··· Exercise data ···

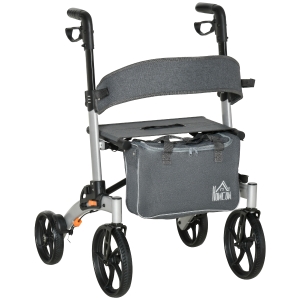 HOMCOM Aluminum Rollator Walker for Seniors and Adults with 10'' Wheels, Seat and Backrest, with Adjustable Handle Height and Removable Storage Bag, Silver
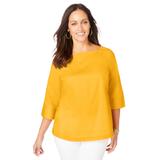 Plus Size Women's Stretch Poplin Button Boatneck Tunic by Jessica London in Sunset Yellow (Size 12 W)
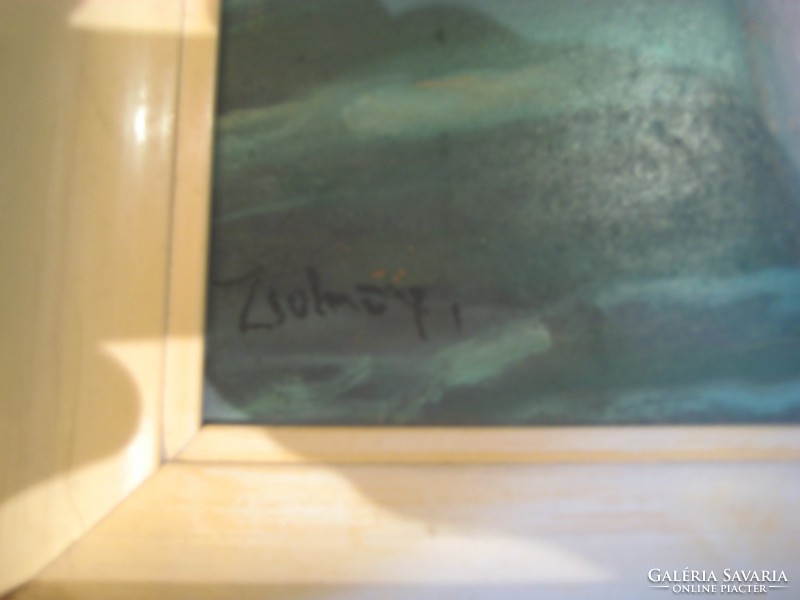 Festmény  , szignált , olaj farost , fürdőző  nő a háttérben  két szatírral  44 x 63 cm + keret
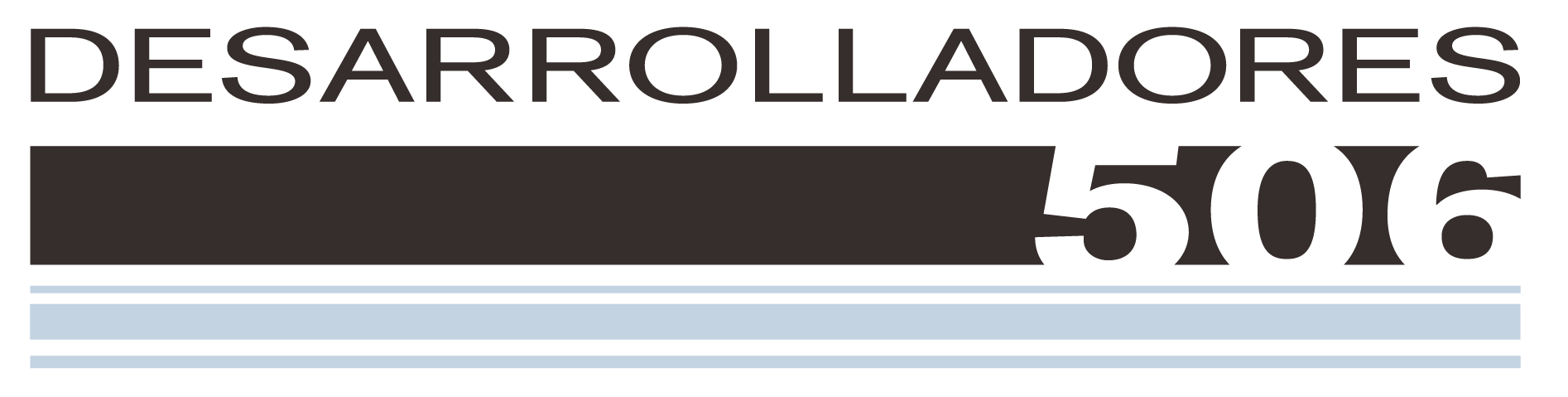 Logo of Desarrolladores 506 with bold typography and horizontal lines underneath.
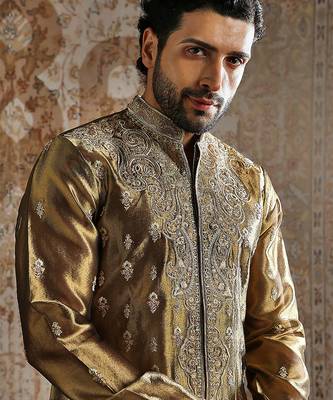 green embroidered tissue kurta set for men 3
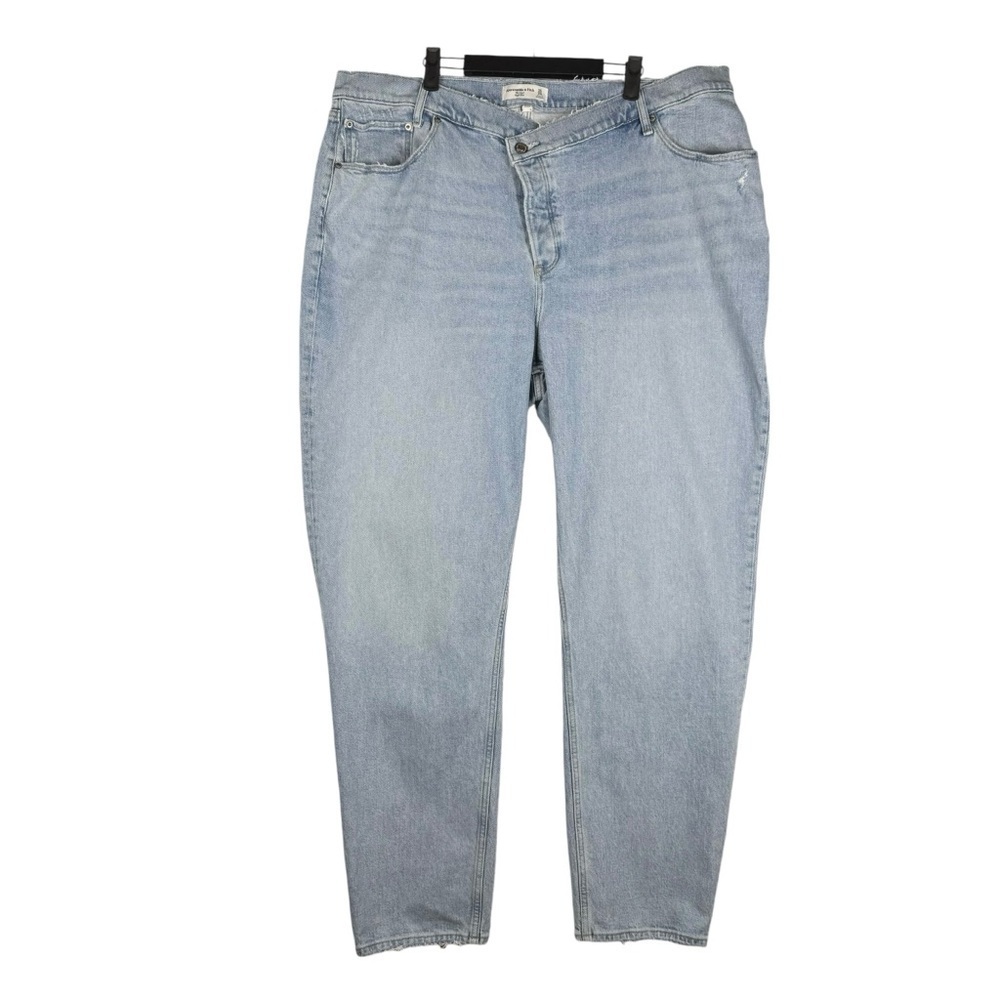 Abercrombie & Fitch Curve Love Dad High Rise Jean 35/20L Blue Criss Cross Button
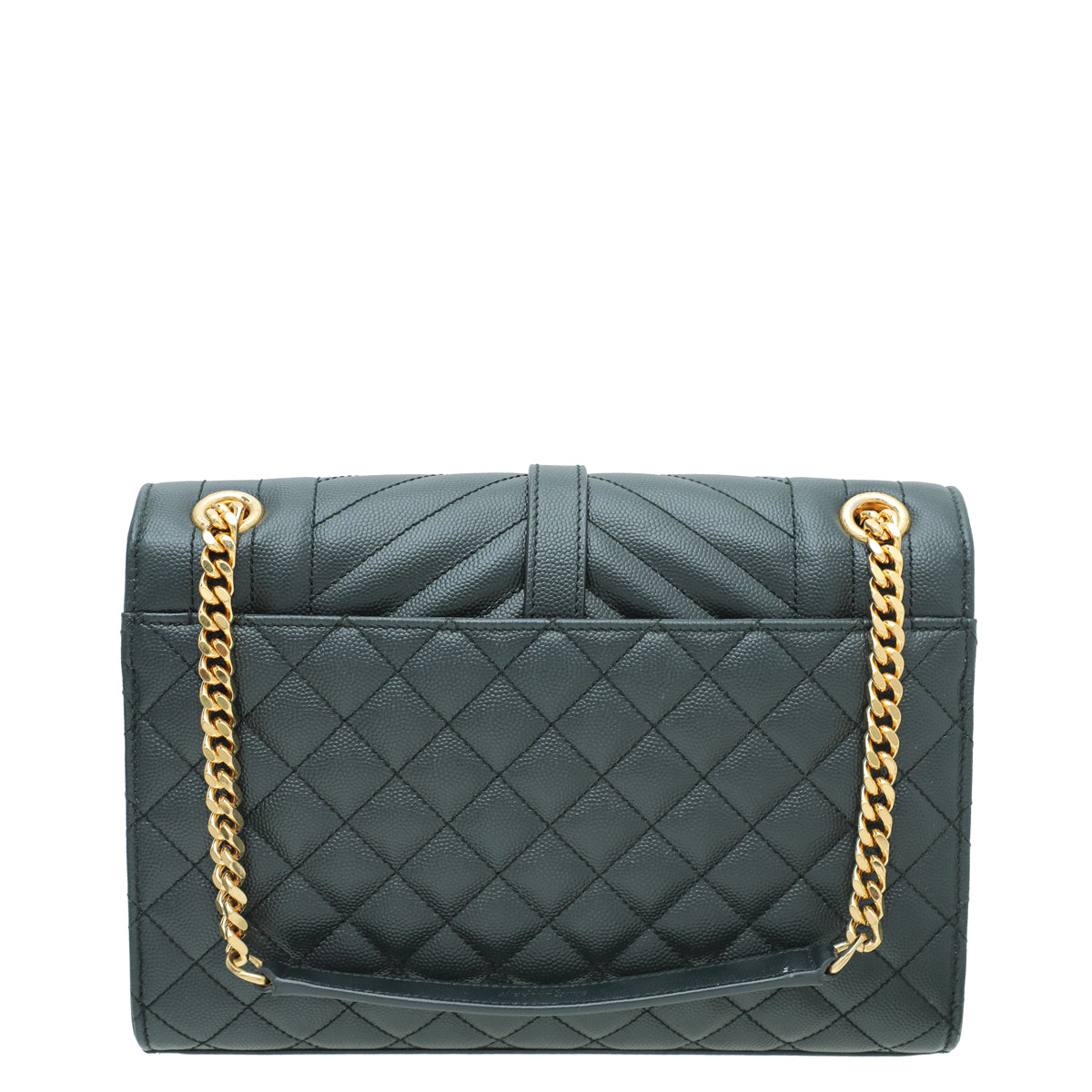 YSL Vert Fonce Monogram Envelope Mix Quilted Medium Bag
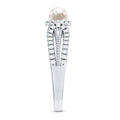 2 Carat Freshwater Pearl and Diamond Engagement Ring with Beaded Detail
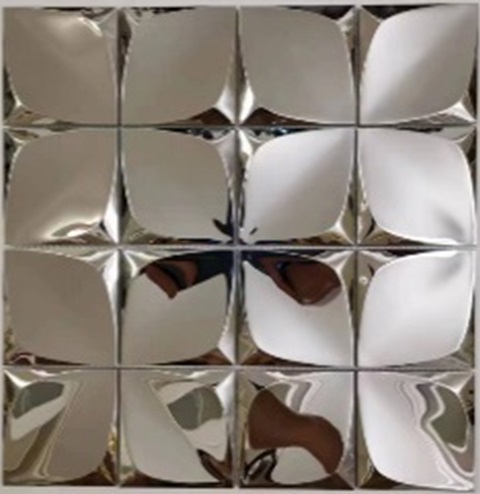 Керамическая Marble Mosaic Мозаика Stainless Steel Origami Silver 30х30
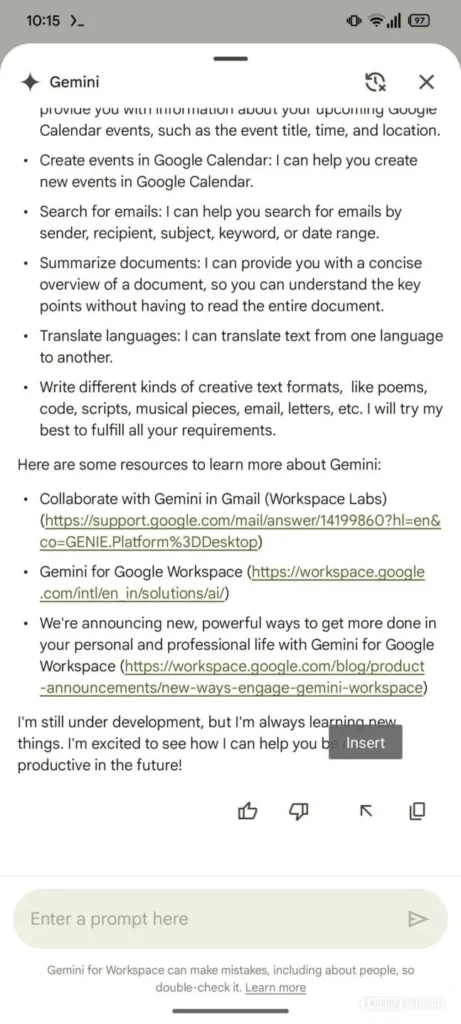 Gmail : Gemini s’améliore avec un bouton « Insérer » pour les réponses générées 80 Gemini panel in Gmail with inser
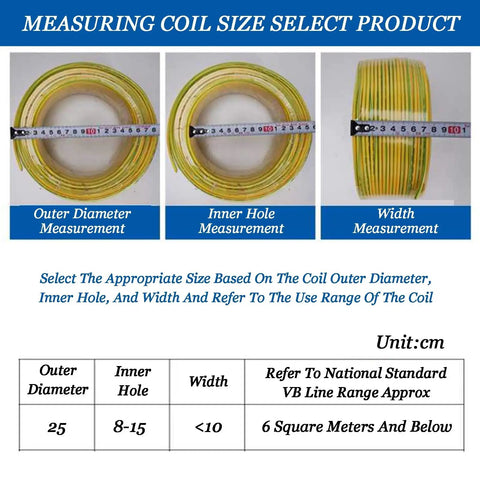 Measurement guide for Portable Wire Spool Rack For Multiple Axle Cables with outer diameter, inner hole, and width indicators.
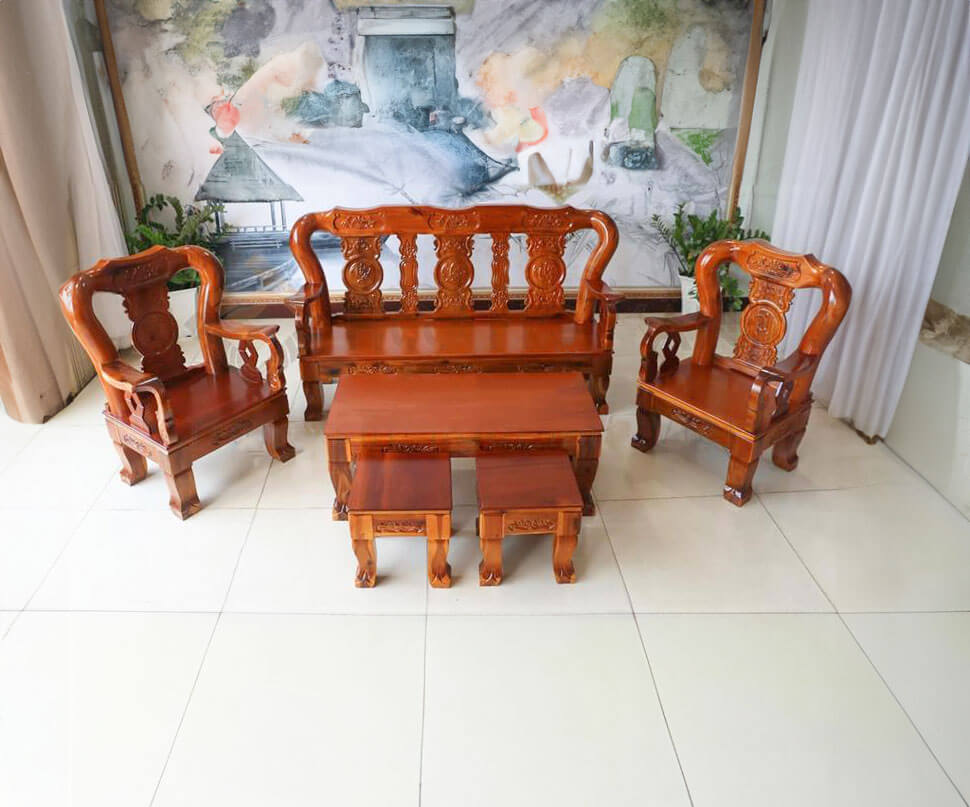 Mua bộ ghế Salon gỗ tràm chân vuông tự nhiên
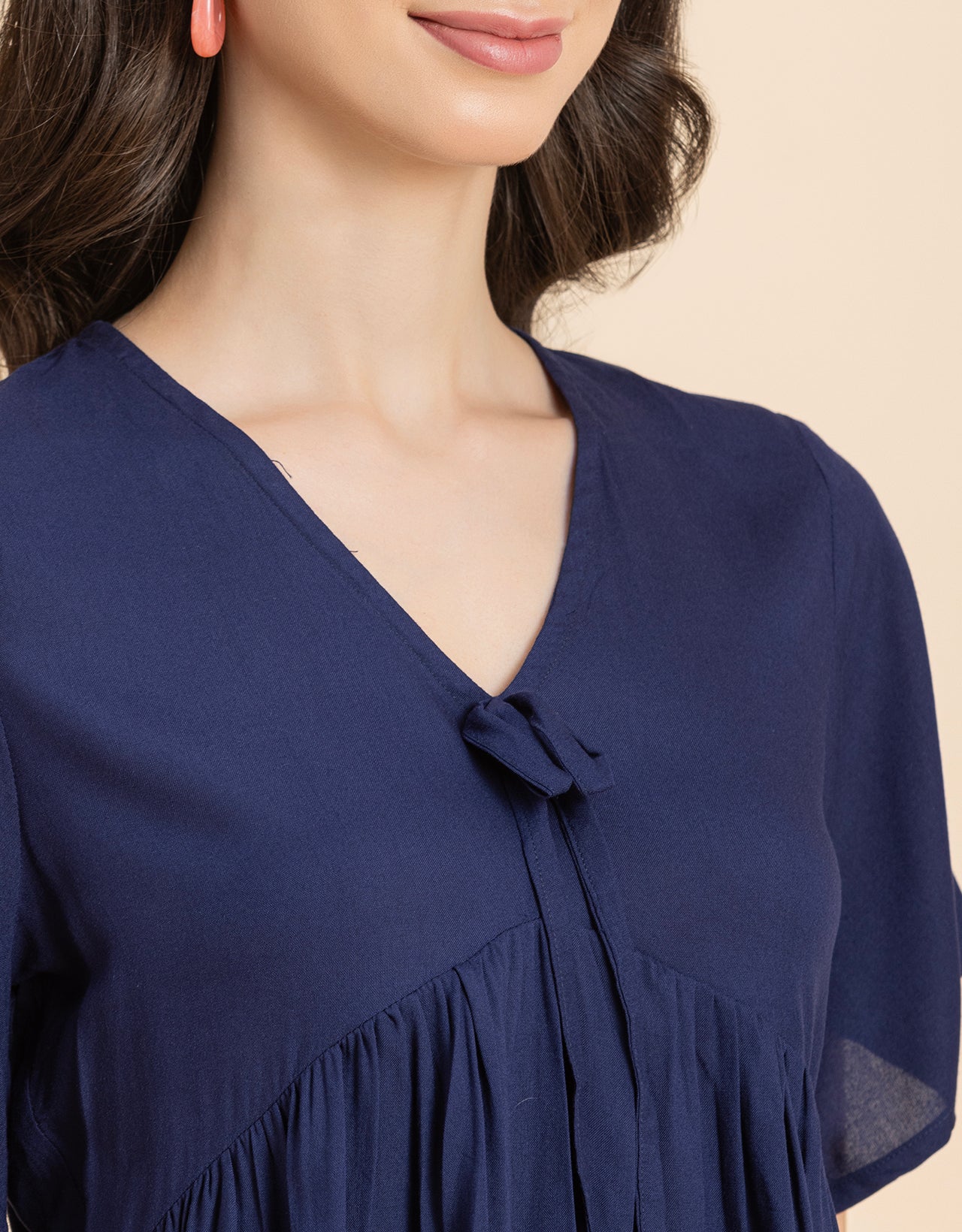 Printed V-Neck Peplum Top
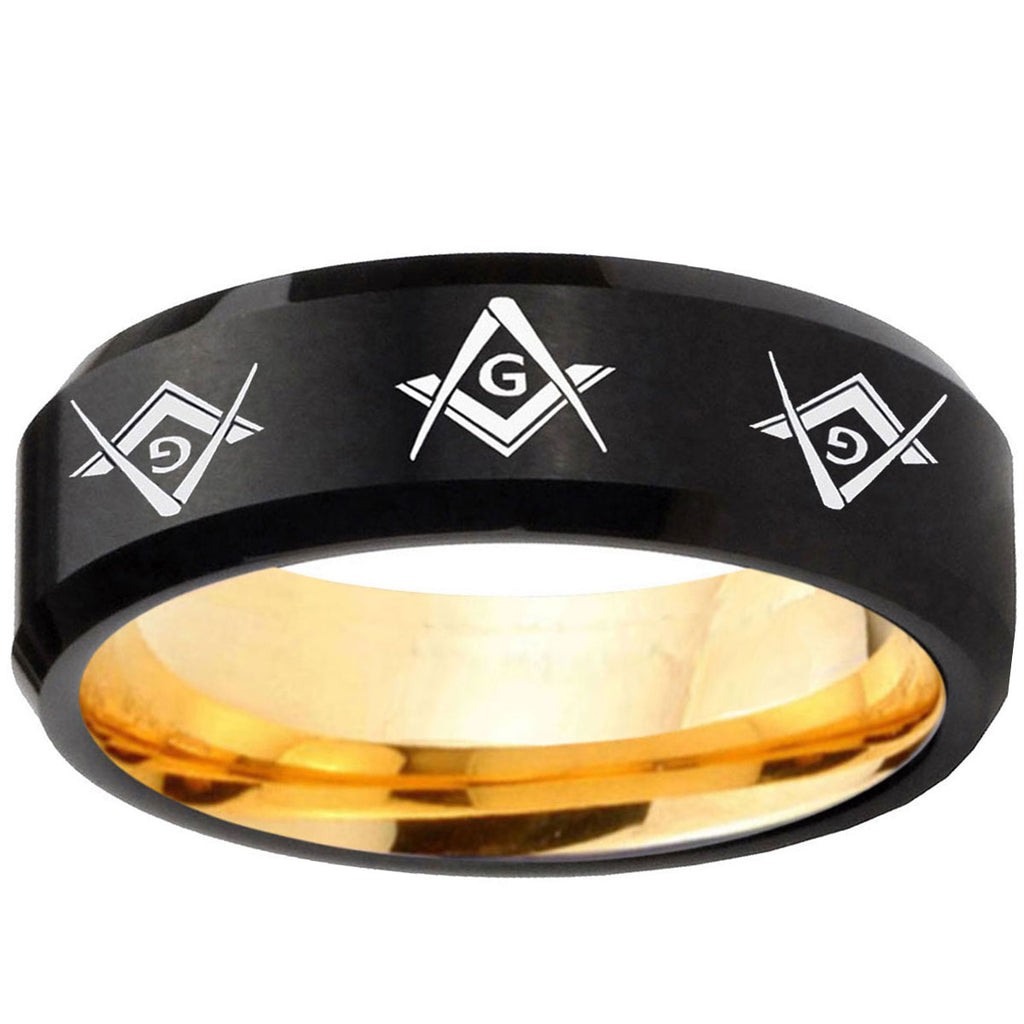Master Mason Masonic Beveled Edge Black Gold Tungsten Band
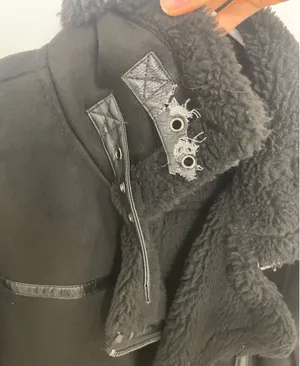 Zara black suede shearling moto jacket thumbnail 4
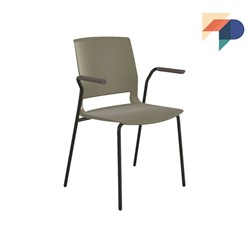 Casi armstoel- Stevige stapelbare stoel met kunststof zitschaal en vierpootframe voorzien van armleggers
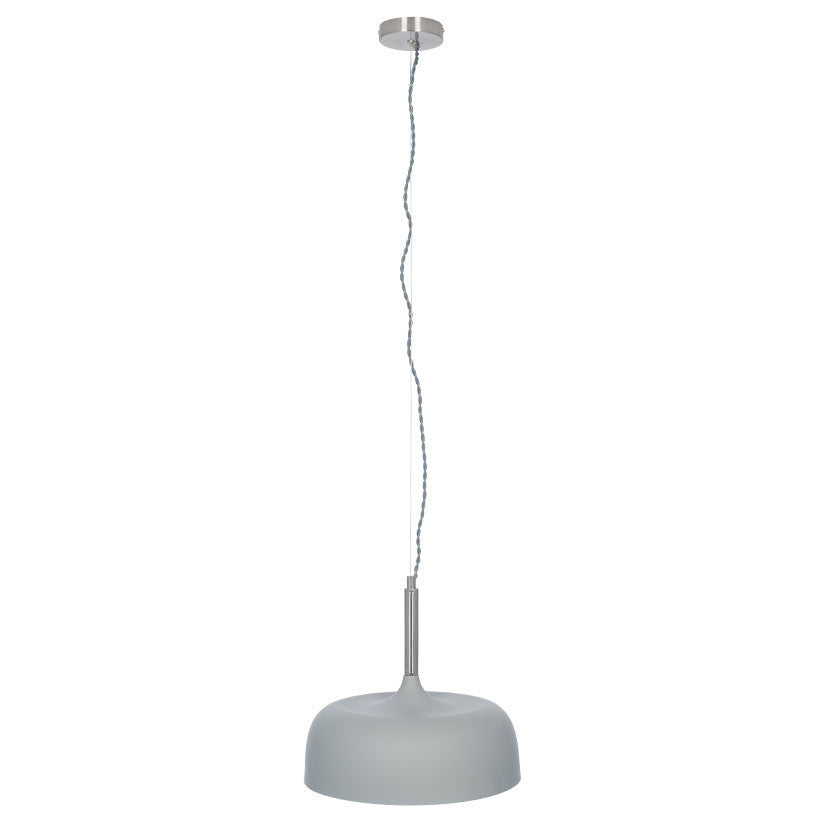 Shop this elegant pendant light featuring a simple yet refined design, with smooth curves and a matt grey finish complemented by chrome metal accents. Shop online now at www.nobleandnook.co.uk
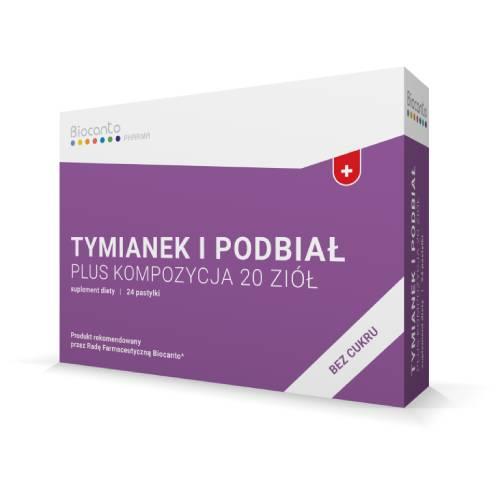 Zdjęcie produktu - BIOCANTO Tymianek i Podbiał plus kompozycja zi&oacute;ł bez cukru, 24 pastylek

···

> _Required work_
For every record above, repeat the text exactly and omit any picture.

> _Written answer_
 HOMCOM Aluminum Rollator Walker for Seniors and Adults with 10'' Wheels, Seat and Backrest, with Adjustable Handle Height and Removable Storage Bag, Silver
 Plus Size Women's Stretch Poplin Button Boatneck Tunic by Jessica London in Sunset Yellow (Size 12 W)
 Festmény  , szignált , olaj farost , fürdőző  nő a háttérben  két szatírral  44 x 63 cm + keret
 Logo of Desarrolladores 506 with bold typography and horizontal lines underneath.
 green embroidered tissue kurta set for men 3
 Abercrombie & Fitch Curve Love Dad High Rise Jean 35/20L Blue Criss Cross Button
 YSL Vert Fonce Monogram Envelope Mix Quilted Medium Bag
 2 Carat Freshwater Pearl and Diamond Engagement Ring with Beaded Detail
 Керамическая Marble Mosaic Мозаика Stainless Steel Origami Silver 30х30
 Gmail : Gemini s’améliore avec un bouton « Insérer » pour les réponses générées 80 Gemini panel in Gmail with inser
 Measurement guide for Portable Wire Spool Rack For Multiple Axle Cables with outer diameter, inner hole, and width indicators.
 Mua bộ ghế Salon gỗ tràm chân vuông tự nhiên
 Printed V-Neck Peplum Top
Master Mason Masonic Beveled Edge Black Gold Tungsten Band
 Zara black suede shearling moto jacket thumbnail 4
 Casi armstoel- Stevige stapelbare stoel met kunststof zitschaal en vierpootframe voorzien van armleggers
 Shop this elegant pendant light featuring a simple yet refined design, with smooth curves and a matt grey finish complemented by chrome metal accents. Shop online now at www.nobleandnook.co.uk
 Zdjęcie produktu - BIOCANTO Tymianek i Podbiał plus kompozycja zi&oacute;ł bez cukru, 24 pastylek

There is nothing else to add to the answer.